Statistical Analysis
The correlation of primary tumor tissue samples and paired plasma samples of ctDNA was assessed by the Fisher exact test. Overall survival (OS) was performed using the Kaplan Meier method and the long rank test. P value <0.05 was considered statistically significant. All statistical analyses were two-sided and performed by GraphPad Prism 7 (GraphPad Software).
Results
The Genomic Characteristics of MBC Patients in Our Cohort
In our study, we retrospectively analyzed mutation profiles of paired plasma and tissue biopsy samples, falling into three distinct molecular subtypes including luminal (n = 29), HER2 positive (n = 8) and triple negative subtypes (n = 8) (Table 1). Six recurrent genes {TP53 (29/45, 64.4%), PIK3CA (21/45, 46.7%), ESR1 (9/45, 20%), ERBB2 (7/45, 15.6%), ATM (7/45, 15.6%), BRCA1 (6/45, 13.3%)} were mutated in more than 13% of patients. The landscape of these highly frequent molecular alterations detected by plasma ctDNA and paired tissue samples is shown for individual patients (Figure 1A). Two of them had no enough tissue because of inadequate tissue or biopsy contraindications.
Figure 1.
(A) The landscape of high-frequency genomic alterations from 45 MBC patients detected in plasma and paired tissue samples is presented. The molecular subtyping and the patient ID numbers were at the up panel. For each gene, alteration in both tissue (down) and plasma (up) were presented, with percentage of prevalence shown on the left. (B) The percentage of mutations detected in our patient samples was compared with that reported in the cBioPortal (https://www.cbioportal.org). (C) The status of HER2 expression was measured by immunohistochemistry (IHC). HER2 gene amplification in tissue and ctDNA was detected by NGS.
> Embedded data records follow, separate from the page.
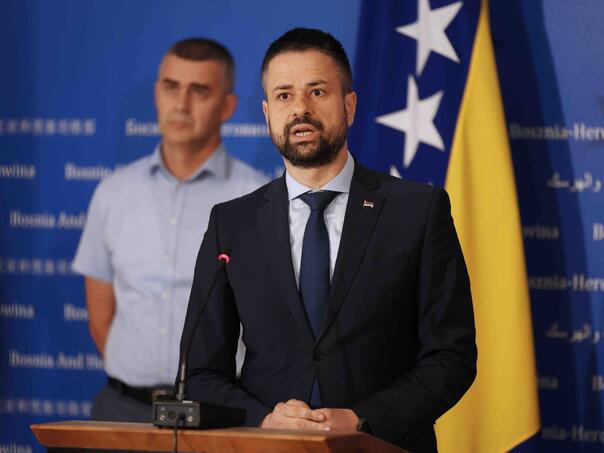 Video: Amidžić o isplati novčane pomoći državnim službenicima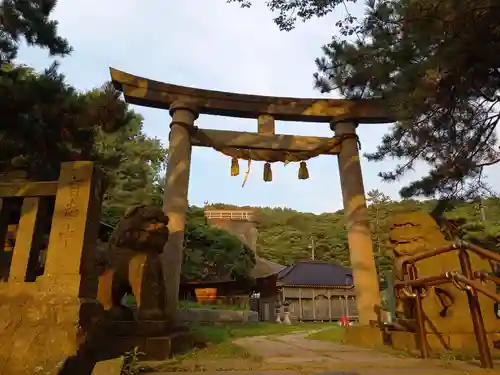 白山神社の鳥居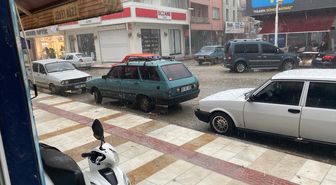 Sarıgöl'de sağanak ve dolu etkili oldu
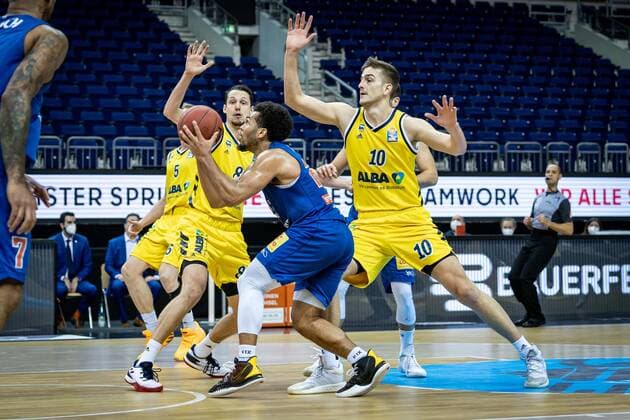 Basketball Berlin 28.03.2021 Saison 2020 2021 easyCredit BBL 1. Bundesliga Alba Berlin - SYNTAINICS MBC Weißenfels Quinton Hooker (MBC, No.21) Tim Schneider (Alba Berlin, No.10) Marcus Eriksson (Alba Berlin, No.08)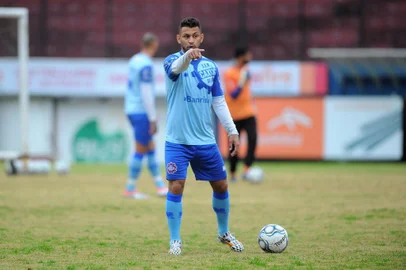  CAXIAS DO SUL, RS, BRASIL 28/06/2018SER Caxias treina no estádio Centenário antes de enfrentar o Treze de Campina Grande pelas Quartas de Final do Brasileirão série D 2018. Na foto: O atacante Eder. (Felipe Nyland/Agência RBS)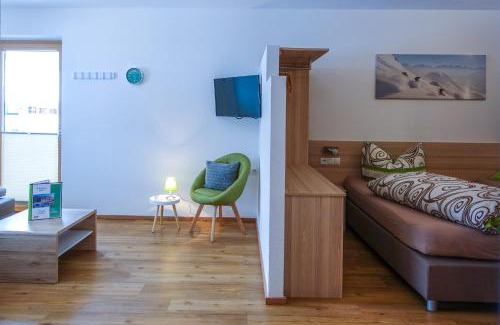Pettneu am Arlberg Apartamento | Apart Mirjam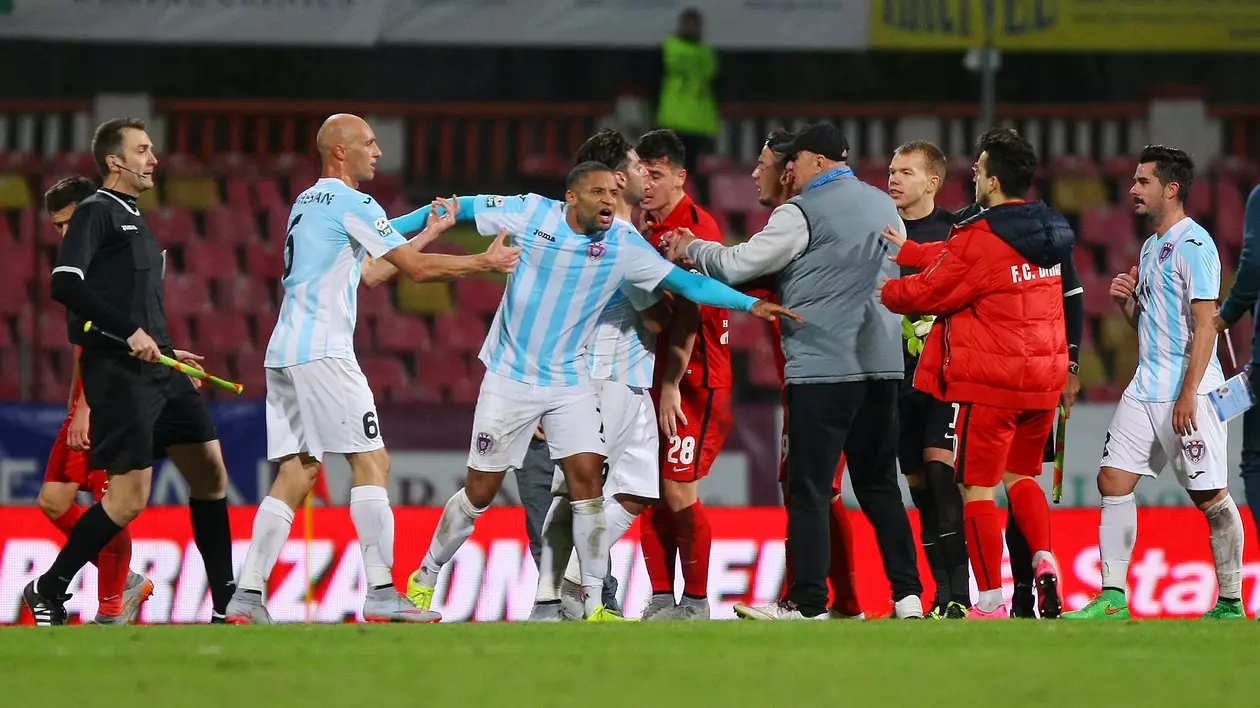 LIGA I LA FOTBAL, etapa a 14-a / Scandal după meciul Dinamo - ASA Tîrgu Mureș 2-1. ^Ardelenii protestează oficial printr-un comunicat în care reclamă un ”fault evident și lipsă de fair-play”! GALERIE FOTO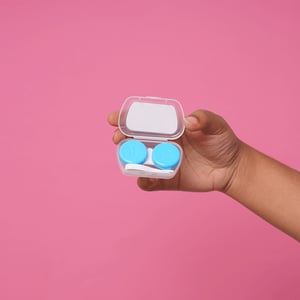 Travel Contact Lens Kit Box - Pig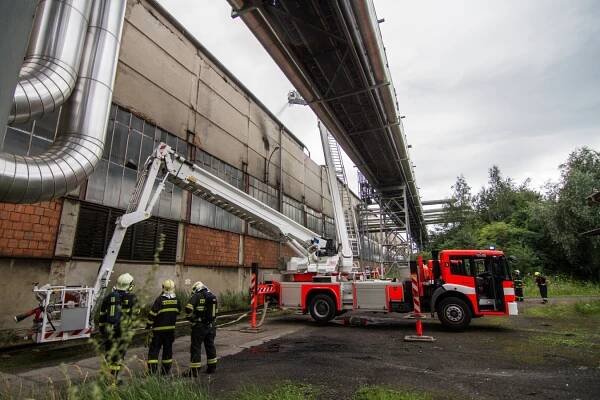 Sedmnáct jednotek hasičů likvidovalo požár haly v areálu ŽDB v Bohumíně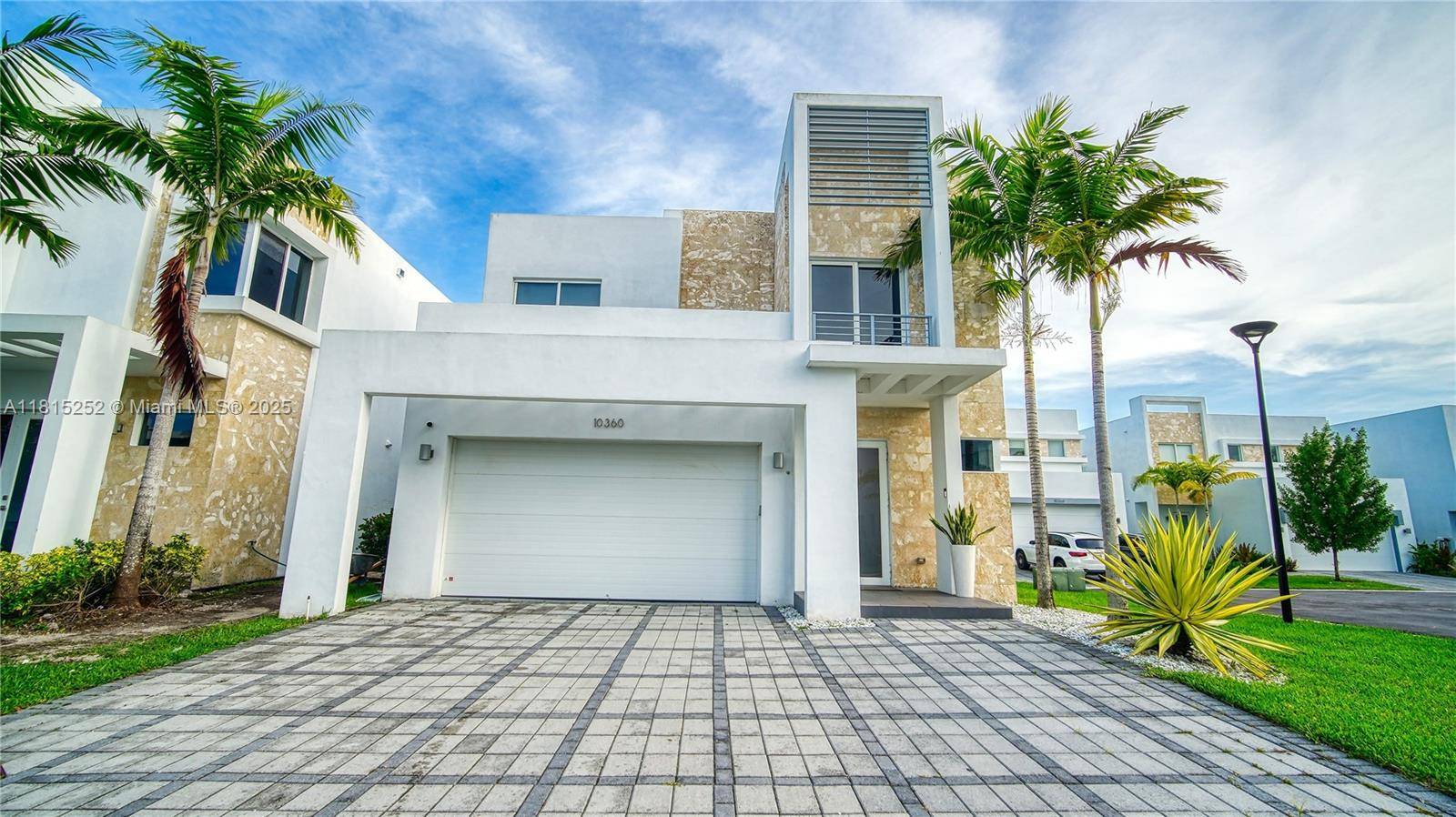 Doral, FL 33178,10360 NW 68th Ter #10360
ESR1 mutations were detected exclusively in the ER+ luminal subtypes, comprising 8 ER+/HER2− and 1 ER+/HER2+ patients (Figure 1A). The overall prevalence of ESR1 mutations was 20%, consistent with Jeselsohn's research in 2013 (39/187, 21%) [6]. In addition, ERBB2 mutations were detected in seven samples, including 4 ER+/HER2− and 3 ER−/HER2+ patients (Figure 1A). Subsequently, we investigated whether the frequency of gene mutations in our cohort is similar with TCGA breast cancer database (Figure 1B). Our six recurrent genes presented significantly higher frequency (Figure 1B). This discrepancy may be partially because of the smaller population in our study.
Evaluation of the Consistency Between Paired Tissue and Plasma Samples
Anti-HER2 therapies have changed the natural biology of HER2 positive breast cancer [10]. Hence, HER2 assessment is very important in the clinic. Next, we compared the expression of HER2 detected by immunohistochemistry (IHC) and HER2 amplification detected by plasma or tissue-based NGS. In our cohort, 13 patients were found to overexpress HER2 by IHC (Figure 1A and C). Among them, five patients were ER+/HER2+, eight were ER−/HER2+, and one was removed from ER+/HER2+ as unavailable plasma tissue (Figure 1C). HER2 amplification was observed in 13(28.9%) tissues, 7(15.6%) plasma, and 1(2.2%) CSF samples. Of these, seven patients were HER2 amp positive for both tissue and liquid biopsy samples (Figure 1C). Furthermore, three samples negative for HER2 by IHC showed HER2 amplification by plasma or tissue-based NGS. Thus, tissue-based sequencing and plasma-based ctDNA might provide extra insights into HER2 status in MBC patients.
Overall, high concordance was seen in the mutation profiles between tissue and plasma samples (R = 0.96, P < 0.0001) (Figure 2A).
Figure 2.
(A) Correlation analysis between paired tissue and plasma samples. (B∼D) Overall survival analysis according to the state of TP53 mutation.
TP53 Mutations is correlated with poor prognosis
We next assessed whether recurrent gene mutations could predict prognosis in our study. We observed that MBC patients with TP53 mutations had significantly worse OS than the carriers of wild type alleles (P = 0.0094) (Figure 2B). In the luminal subtype or ER+/HER2− subgroup, the presence of TP53 mutations also demonstrated worse OS than wild type patients (P = 0.0135, P = 0.0299) (Figure 2C and D). However, in PIK3CA or ESR1 mutation subgroups, we did not observe any prognostic significance in our cohort, which may be related to the limited sample size in these subgroups.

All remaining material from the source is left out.